Le côté positif de chanter... c'est l'amour... le plaisir est immense ; je bénéficie en majorité d'un public extraordinaire, sympa comme tout. Il y a beaucoup de choses qui font bien plaisir, les soirées sous le chapiteau : on chante, on rechante, et puis il faut bien s'en aller... comme ça à Angers, une dame est venue me retrouver, une dame de mon âge : « Ah ! On aurait bien aimé rester avec vous ! » Mais qu'est-ce que vous voulez, il faut bien partir... mais il peut y avoir une seule personne qui soit touchée ou un vieil ouvrier qui pleure parce qu'il ne pensait pas que quelqu'un pouvait chanter ses conditions de travail.

J'aime parler, je suis une conteuse
Chanter ça passe dans tout le corps ; j'adore la scène bien plus que le disque ; mais le plus grand plaisir pour moi, c'est de faire avant d'être sur scène... fabriquer une chanson, fabriquer une chose qui est de la musique et des paroles, c'est ça qui me donne la plus grande joie.
Je bénéficie d'une voix naturelle qui est bonne, qui est intéressante ; il faut bien que ça serve à quelque chose ; mais moi ce qui me plaît, c'est parler, j'aime parler, je suis une conteuse. Je voudrais être une conteuse qui se trouve être une femme qui chante... ça me retire le trac de parler... j'arrive, je suis inquiète... je ne sais pas si je vais pouvoir sortir certains sons, alors je raconte un petit peu tout ça, ça me désangoisse... Il y a quelques années, je ne parlais pas du tout, le bassiste avait dit : « la musique parle d'elle-même, tu n'as besoin de rien dire ! ». Maintenant je parle avec de plus en plus de plaisir, chanter c'est bien... chanter finalement c'est rencontrer des gens. Moi je chante pour qu'on m'aime, chanter c'est l'amour, et oui, aussi râler, c'est vrai...

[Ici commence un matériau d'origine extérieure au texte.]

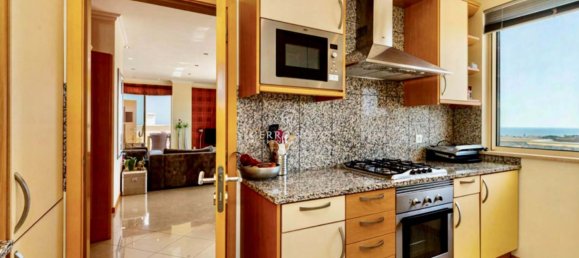 2 bedrooms Penthouse in Albufeira, Portugal No. 131548 23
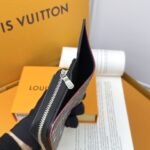 LV 二つ折り財布 中サイズ ケース付き M83689 - 画像 (4)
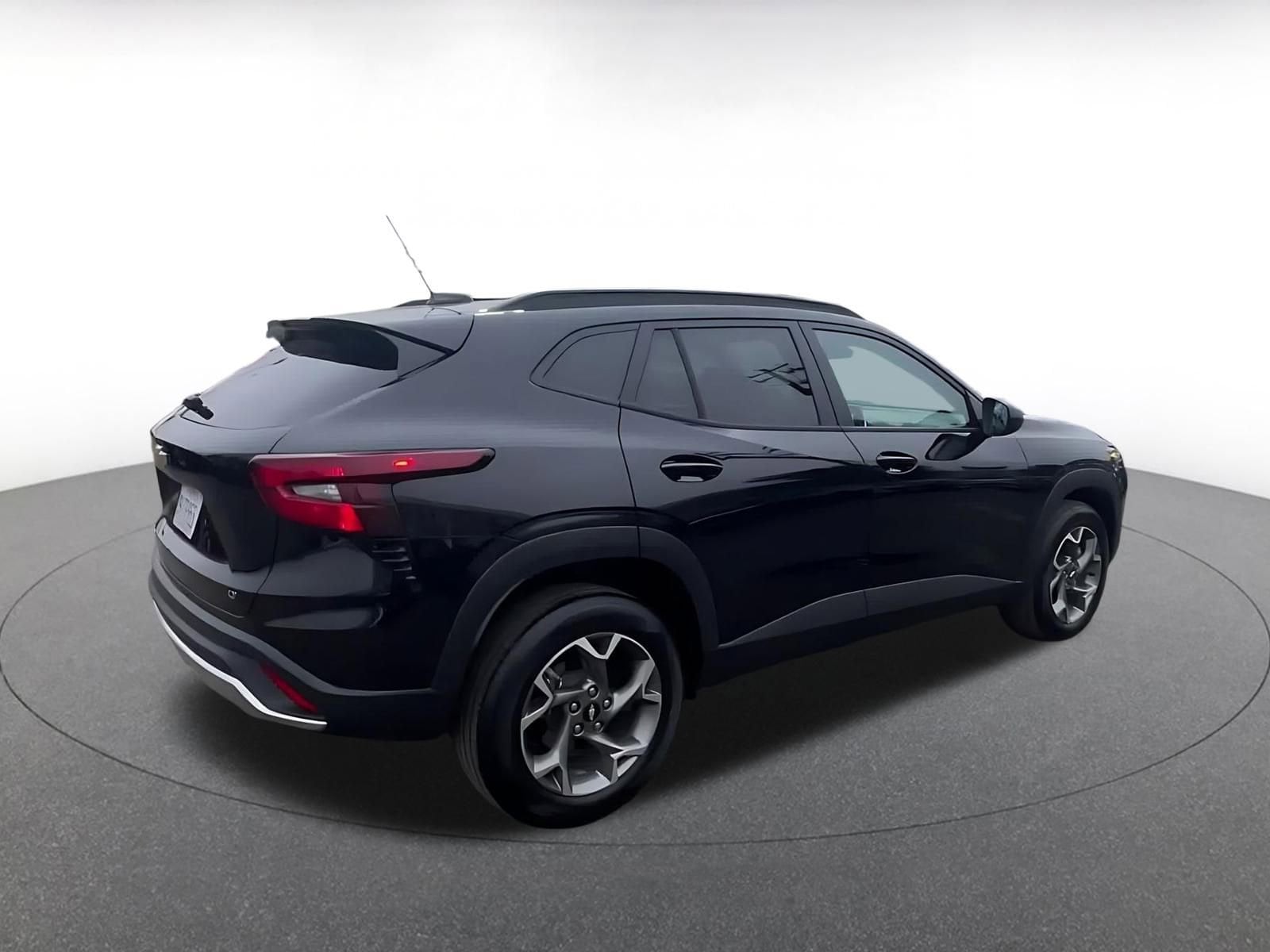 Thumbnail: 2025 Chevrolet Trax - 15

En ce qui concerne le chant, je n'ai fait strictement que ce que je voulais, sauf peut-être quelques exceptions pour faire plaisir à quelqu'un, mais je suis responsable de tous ce qu'il y a dans mes disques, absolument,  même quand il y a du déchet et que je les écoute quatre ans après... C'est une chronique assez étonnante, je trouve... c'est un travail de journaliste, presque. J'ai eu assez de mal à savoir ce que je voulais mais quand on est vraiment déterminée c'est sûr que quelque chose va se produire.

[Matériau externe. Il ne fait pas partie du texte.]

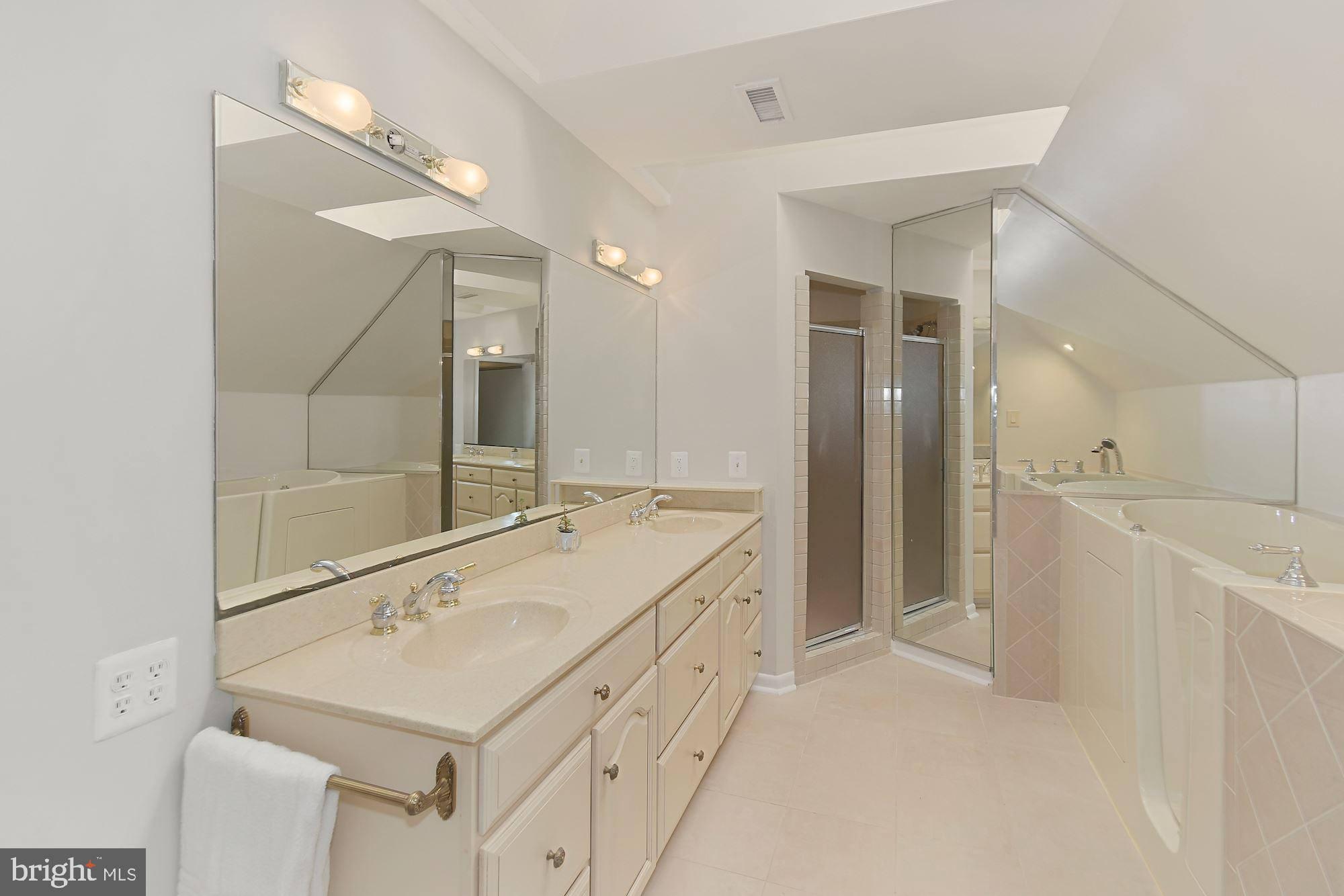 7348 Hooking Road McLean, VA 22101 - Photo 26 of 44 Gallery Image 26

J'aime tout quand même dans ce que j'ai fait. Je sais comment je l'ai fait à l'époque, ça venait de moi, j'ai mis très longtemps à m'aimer un petit peu ; on met très longtemps à s'aimer soi-même....
Avant je ne m'aimais pas du tout, et pas seulement parce que j'ai cette apparence physique, je me trouvais conne, enfin on a tout fait pour ça... on m'a dit un jour : « sale petite bourgeoise on t'a toujours dit de penser avec ton ventre il faut penser avec ça ». J'ai lu Lénine, etc... pour apprendre à penser avec ma tête, et bien je viens de m'apercevoir que de toutes façons je n'en ai pas... ce n'est pas la peine que je continue d'essayer, j'y perds.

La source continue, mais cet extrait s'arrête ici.